6.3.1 Nadere eisen parkeergelegenheid
Het bevoegd gezag kan nadere eisen te stellen met betrekking tot het realiseren van voldoende parkeergelegenheid.
 
6.3.2 Nadere eisen bebouwing
Het bevoegd gezag kan nadere eisen stellen aan de plaats en afmeting van de bebouwing, ten behoeve van:
  1. een samenhangend straat en bebouwingsbeeld;
  2. de verkeersveiligheid;
  3. de milieusituatie;
  4. de sociale veiligheid;
  5. de gebruiksmogelijkheden van de aangrenzende gronden
  6. de waarborging van het watersysteem zodat hydrologisch neutraal wordt ontwikkeld.
6.4 Afwijken van de bouwregels
 
6.4.1 Afwijken dakhelling
Het bevoegd gezag kan met een omgevingsvergunning afwijken van het bepaalde in artikel 6.2.1, sub c voor het toestaan van een dakhelling bij de gebouwen waarbij wordt afgeweken van het gestelde aantal graden, met inachtneming van de volgende regels:
  1. er vindt geen onevenredige aantasting plaats van de gebruiksmogelijkheden van aangrenzende gronden en bouwwerken en de belangen van derden worden niet onevenredig geschaad;
  2. er bestaan geen bezwaren vanuit een verantwoorde stedenbouwkundige inrichting en vormgeving;
  3. er vindt geen onevenredige aantasting plaats van de in de omgeving aanwezige architectonische en/of cultuurhistorische waarden.

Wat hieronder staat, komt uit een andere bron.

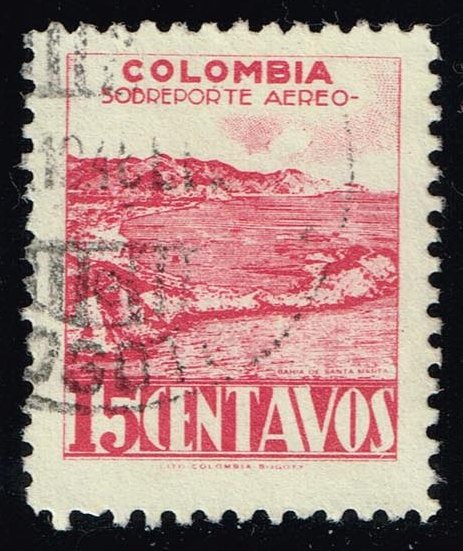Colombia #C136 Bay of Santa Maria; Used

6.4.2 Afwijkende maatvoering bouwwerken, geen gebouwen zijnde
Het bevoegd gezag kan met een omgevingsvergunning afwijken van het bepaalde in artikel 6.2.2 voor:
  1. het bouwen van een erfafscheiding tot een maximale bouwhoogte van 3,0 meter ten behoeve van geluidsreducering;
  2. het bouwen van antenne-installaties tot een hoogte van maximaal 40 meter;
  3. het bouwen van vrijstaande licht- en andere masten en overige bouwwerken geen gebouwen zijnde met een grotere hoogte;
met inachtneming van de volgende regels:
  1. het bouwen van een erfafscheiding tot een maximale bouwhoogte van 3,0 meter is enkel toegestaan indien dit noodzakelijk is in het kader van het verminderen van de geluidshinder doordat infrastructurele maatregelen hier aanleiding toe geven;
  2. indien een erfafscheiding tot een maximale bouwhoogte van 3,0 meter wordt gebouwd dient te worden aangetoond dat door de hogere bouwhoogte sprake is van vermindering van de geluidsoverlast;
  3. er bestaan geen bezwaren vanuit een oogpunt van verkeersveiligheid of in verband met de ontsluiting van percelen;
  4. er vindt geen onevenredige aantasting plaats van de gebruiksmogelijkheden van aangrenzende gronden en bouwwerken en de belangen van derden worden niet onevenredig geschaad;
  5. er bestaan geen bezwaren vanuit een verantwoorde stedenbouwkundige inrichting en vormgeving;
  6. er vindt geen onevenredige aantasting plaats van de in de omgeving aanwezige architectonische en/of cultuurhistorische waarden.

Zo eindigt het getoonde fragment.